# The Bag...



## vonDrehle (Jul 6, 2005)

Never saw this section... :roll:

This is what happens when you are taking your camera out of your bag, turn it on, and then someone scares you.






Not sure what I was doing here but the final result gives me a headache if I look to long.





Well... I had a perfect shot of Zoe sitting down. But it seems right when I got everything ready she decided to come a little closer. Just wish I had my autofocus on, might have been able to come up with a good shot.


----------



## LaFoto (Jul 7, 2005)

Ha! I like all these three "bloopers", and best of all is Zoe coming up. Soon she'll come out of my screen and I can already feel the dampness of her nose .


----------



## Digital Matt (Jul 7, 2005)

My dog used to do that all the time.  Sit him down, say stay, and move back to take the picture.  Turn around to take it, and he's at my side


----------



## vonDrehle (Jul 8, 2005)

LaFoto said:
			
		

> Ha! I like all these three "bloopers", and best of all is Zoe coming up. Soon she'll come out of my screen and I can already feel the dampness of her nose .

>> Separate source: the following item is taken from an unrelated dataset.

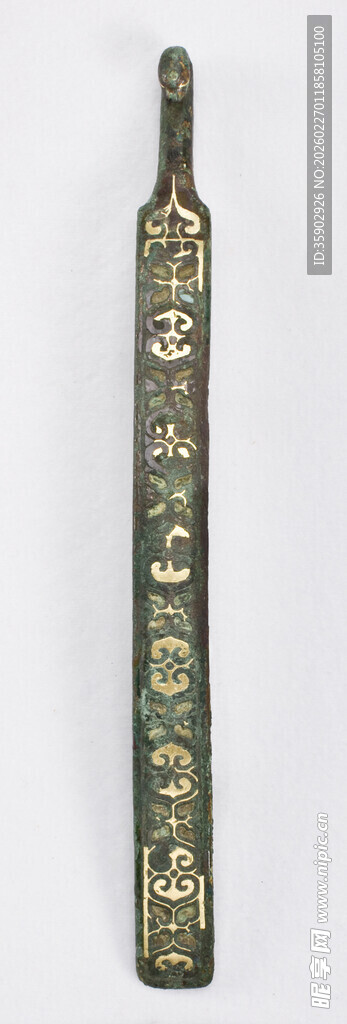 古代精美长形雕刻器物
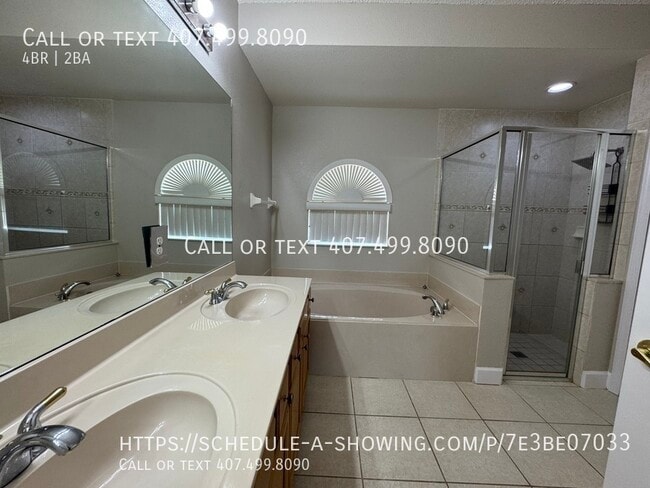 Building Photo - 8823 Sky Vista Ct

I know my lens sure felt it.  :mrgreen:


----------



## mentos_007 (Jul 10, 2005)

Digital Matt said:
			
		

> My dog used to do that all the time.  Sit him down, say stay, and move back to take the picture.  Turn around to take it, and he's at my side



mine does the same  stupid dogs  I have no idea what to do to make him still


----------



## cmptrdewd (Jul 10, 2005)

I almost blew chunks all over the floor in front of my computer after looking to long at your second picture!! I get motion sickness too easily and that just did it! :lmao: 

I have three dogs! Talk about difficult! One is scared of the camera and runs away as soon as he sees me with it, one won't hold still for two seconds and the other gets nervous and freezes in very weird poses!!


----------